Records from a collection
──────────────────────────────

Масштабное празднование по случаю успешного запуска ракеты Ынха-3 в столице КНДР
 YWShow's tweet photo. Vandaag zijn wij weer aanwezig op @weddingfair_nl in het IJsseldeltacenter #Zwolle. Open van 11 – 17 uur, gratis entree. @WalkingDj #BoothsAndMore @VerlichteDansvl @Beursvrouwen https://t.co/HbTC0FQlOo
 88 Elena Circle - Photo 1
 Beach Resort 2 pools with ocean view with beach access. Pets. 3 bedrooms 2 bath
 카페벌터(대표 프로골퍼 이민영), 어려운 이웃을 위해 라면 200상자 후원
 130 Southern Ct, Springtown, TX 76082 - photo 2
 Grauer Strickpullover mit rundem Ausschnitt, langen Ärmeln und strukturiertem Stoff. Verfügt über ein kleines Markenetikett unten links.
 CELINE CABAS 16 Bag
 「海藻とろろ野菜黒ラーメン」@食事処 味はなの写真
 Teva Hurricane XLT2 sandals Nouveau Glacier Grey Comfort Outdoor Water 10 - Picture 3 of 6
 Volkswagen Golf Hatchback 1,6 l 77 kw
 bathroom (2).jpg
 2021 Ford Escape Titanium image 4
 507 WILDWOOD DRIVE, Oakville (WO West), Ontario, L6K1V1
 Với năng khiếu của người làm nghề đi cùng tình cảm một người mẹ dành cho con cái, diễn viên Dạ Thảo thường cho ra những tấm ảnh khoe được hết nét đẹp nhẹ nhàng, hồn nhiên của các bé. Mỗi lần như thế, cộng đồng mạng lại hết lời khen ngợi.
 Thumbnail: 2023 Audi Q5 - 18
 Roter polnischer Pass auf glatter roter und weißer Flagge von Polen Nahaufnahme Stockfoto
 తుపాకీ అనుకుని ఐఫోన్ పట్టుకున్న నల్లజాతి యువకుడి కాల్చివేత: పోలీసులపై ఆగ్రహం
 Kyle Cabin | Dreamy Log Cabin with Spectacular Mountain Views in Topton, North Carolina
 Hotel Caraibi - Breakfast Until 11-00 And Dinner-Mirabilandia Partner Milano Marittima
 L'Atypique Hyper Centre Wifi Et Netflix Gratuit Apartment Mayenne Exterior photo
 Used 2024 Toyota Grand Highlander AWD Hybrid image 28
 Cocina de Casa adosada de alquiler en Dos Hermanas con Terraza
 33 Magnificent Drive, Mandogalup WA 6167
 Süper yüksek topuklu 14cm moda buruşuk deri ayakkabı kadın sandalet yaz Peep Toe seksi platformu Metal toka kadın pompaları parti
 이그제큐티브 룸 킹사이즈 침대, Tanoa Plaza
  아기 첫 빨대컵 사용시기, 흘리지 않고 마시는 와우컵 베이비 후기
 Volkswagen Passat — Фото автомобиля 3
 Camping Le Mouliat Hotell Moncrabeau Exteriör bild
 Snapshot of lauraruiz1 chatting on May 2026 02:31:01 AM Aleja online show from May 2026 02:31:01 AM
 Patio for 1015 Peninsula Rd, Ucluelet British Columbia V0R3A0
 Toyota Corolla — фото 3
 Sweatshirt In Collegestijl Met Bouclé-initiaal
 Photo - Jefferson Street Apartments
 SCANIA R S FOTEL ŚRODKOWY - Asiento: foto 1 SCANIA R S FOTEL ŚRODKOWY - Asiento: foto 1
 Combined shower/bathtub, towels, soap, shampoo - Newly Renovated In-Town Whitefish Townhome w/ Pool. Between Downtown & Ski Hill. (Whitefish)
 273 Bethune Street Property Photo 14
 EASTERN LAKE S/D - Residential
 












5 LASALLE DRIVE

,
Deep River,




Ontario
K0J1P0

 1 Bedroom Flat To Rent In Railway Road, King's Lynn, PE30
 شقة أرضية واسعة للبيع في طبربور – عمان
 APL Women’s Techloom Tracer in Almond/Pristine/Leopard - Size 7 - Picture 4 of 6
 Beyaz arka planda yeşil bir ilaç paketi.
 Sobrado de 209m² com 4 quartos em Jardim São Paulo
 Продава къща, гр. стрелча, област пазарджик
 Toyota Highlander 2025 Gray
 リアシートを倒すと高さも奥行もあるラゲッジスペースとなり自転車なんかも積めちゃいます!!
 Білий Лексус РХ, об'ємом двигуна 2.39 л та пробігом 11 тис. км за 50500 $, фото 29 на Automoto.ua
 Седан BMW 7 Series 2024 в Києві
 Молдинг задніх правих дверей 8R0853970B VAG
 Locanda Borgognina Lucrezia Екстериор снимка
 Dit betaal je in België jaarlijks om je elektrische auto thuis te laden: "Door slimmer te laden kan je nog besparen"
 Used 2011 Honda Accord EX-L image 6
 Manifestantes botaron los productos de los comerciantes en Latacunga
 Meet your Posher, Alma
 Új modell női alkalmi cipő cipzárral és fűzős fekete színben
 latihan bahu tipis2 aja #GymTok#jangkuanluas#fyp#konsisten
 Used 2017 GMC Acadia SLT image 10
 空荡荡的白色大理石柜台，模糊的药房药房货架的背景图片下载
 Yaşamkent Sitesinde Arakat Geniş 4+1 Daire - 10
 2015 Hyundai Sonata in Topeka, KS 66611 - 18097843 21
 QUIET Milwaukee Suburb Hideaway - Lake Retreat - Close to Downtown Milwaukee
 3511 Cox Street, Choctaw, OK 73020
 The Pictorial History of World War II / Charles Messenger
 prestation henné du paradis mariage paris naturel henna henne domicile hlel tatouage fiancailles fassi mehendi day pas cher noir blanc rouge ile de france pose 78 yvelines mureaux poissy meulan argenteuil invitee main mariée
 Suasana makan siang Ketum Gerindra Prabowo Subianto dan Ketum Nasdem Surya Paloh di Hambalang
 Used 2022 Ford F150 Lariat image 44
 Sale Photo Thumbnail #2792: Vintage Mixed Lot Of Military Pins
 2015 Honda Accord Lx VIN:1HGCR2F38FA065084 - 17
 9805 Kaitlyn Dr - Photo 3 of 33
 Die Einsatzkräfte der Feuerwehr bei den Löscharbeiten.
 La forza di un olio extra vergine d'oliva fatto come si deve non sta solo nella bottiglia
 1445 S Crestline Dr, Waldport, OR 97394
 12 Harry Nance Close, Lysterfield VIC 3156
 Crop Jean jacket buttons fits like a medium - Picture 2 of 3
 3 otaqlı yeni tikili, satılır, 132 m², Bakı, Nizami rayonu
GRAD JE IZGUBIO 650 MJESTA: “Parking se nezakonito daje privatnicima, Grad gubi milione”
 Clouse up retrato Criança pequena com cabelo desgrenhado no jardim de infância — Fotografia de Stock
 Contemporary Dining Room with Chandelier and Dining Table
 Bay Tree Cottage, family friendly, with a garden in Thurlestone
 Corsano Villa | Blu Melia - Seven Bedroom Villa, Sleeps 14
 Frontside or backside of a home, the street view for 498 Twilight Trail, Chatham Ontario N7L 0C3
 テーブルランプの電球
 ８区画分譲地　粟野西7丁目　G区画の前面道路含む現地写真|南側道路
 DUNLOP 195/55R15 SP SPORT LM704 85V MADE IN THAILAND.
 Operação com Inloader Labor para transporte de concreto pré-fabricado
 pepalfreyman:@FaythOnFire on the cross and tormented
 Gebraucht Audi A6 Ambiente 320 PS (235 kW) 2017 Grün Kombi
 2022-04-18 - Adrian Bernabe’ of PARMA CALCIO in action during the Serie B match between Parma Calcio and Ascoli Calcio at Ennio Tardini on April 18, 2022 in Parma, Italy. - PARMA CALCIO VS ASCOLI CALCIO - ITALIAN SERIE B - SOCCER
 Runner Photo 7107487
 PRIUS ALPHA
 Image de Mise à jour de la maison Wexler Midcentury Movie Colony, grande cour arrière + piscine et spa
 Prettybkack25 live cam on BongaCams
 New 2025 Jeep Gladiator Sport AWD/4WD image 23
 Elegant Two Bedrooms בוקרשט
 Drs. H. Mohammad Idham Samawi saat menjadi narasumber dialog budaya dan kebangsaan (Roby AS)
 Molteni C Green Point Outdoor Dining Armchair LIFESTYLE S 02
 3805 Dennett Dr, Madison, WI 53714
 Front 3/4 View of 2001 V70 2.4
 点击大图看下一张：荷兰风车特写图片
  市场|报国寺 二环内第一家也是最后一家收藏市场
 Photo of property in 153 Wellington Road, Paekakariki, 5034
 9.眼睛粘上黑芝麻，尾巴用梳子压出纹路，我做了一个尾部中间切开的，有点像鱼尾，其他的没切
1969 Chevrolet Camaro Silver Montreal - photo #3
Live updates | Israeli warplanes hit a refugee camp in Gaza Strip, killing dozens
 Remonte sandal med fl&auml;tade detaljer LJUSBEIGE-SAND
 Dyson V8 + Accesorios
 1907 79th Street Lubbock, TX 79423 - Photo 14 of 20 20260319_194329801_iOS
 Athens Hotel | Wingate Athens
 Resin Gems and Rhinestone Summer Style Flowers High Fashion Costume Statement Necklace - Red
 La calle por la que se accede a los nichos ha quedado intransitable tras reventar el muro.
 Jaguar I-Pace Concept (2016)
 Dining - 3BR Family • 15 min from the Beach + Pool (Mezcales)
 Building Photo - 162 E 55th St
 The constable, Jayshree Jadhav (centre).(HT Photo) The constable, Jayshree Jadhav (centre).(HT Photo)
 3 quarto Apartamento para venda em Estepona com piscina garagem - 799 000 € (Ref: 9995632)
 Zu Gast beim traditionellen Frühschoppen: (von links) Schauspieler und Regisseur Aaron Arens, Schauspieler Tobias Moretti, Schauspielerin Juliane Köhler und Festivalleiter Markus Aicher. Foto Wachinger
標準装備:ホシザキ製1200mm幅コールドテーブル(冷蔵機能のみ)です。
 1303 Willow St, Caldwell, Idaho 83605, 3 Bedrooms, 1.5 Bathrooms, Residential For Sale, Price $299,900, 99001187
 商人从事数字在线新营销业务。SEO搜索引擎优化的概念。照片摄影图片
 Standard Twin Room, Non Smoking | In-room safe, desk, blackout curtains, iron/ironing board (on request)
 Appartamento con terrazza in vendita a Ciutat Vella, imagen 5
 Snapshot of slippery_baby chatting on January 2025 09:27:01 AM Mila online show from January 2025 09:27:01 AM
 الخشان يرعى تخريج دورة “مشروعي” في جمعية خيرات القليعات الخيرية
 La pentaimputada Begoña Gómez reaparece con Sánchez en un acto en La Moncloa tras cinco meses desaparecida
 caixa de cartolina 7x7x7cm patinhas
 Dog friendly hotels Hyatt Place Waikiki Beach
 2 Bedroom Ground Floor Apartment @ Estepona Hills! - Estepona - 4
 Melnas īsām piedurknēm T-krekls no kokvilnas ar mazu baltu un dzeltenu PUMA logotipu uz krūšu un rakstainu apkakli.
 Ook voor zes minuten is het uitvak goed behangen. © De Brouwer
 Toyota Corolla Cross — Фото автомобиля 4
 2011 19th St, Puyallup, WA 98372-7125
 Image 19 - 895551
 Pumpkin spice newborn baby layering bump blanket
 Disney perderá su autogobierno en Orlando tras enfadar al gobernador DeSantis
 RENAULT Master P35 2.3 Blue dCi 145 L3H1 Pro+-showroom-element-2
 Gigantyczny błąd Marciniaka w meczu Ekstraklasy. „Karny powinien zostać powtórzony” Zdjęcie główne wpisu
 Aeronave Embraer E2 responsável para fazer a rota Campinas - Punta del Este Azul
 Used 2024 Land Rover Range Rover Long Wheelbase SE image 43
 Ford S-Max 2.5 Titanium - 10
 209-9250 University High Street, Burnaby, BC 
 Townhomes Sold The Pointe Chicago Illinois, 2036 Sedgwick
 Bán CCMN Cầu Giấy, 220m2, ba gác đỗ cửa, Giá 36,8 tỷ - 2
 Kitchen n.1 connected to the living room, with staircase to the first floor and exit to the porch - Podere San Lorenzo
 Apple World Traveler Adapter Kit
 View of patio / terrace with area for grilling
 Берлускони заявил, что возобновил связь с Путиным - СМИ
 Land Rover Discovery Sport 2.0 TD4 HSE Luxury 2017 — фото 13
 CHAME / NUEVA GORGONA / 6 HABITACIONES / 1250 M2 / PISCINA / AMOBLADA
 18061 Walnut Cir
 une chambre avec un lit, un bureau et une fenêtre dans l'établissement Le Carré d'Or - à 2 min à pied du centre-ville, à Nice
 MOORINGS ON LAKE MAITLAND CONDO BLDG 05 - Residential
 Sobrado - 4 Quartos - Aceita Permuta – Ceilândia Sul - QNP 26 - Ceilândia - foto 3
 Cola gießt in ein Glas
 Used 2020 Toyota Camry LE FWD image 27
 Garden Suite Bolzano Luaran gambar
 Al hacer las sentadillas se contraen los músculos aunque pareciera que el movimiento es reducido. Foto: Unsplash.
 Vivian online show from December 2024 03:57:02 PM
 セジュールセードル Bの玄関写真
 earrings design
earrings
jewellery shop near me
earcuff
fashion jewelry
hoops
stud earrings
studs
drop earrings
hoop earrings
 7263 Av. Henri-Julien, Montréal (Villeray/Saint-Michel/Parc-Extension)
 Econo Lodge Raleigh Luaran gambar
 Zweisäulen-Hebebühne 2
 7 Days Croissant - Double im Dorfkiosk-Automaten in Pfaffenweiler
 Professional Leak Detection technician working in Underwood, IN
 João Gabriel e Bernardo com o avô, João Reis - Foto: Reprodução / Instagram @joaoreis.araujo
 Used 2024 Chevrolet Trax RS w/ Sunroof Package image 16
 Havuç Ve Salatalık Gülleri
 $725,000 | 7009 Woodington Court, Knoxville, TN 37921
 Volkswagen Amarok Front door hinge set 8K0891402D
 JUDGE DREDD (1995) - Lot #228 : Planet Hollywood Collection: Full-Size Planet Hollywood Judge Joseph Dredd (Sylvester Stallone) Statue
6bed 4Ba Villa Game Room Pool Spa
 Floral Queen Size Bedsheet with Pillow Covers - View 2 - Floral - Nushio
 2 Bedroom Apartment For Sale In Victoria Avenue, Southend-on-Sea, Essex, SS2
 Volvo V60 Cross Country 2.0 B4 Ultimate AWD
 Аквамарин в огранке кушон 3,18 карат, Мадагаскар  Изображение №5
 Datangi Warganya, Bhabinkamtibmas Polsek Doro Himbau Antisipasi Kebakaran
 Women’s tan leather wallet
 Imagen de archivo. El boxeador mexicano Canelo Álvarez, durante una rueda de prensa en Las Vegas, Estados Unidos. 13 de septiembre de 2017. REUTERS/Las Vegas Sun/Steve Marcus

──────────────────────────────

Only the span from the line with "Women’s tan leather wallet" through the final line of the records goes in the output, each line unchanged.

RESPONSE:
 Women’s tan leather wallet
 Imagen de archivo. El boxeador mexicano Canelo Álvarez, durante una rueda de prensa en Las Vegas, Estados Unidos. 13 de septiembre de 2017. REUTERS/Las Vegas Sun/Steve Marcus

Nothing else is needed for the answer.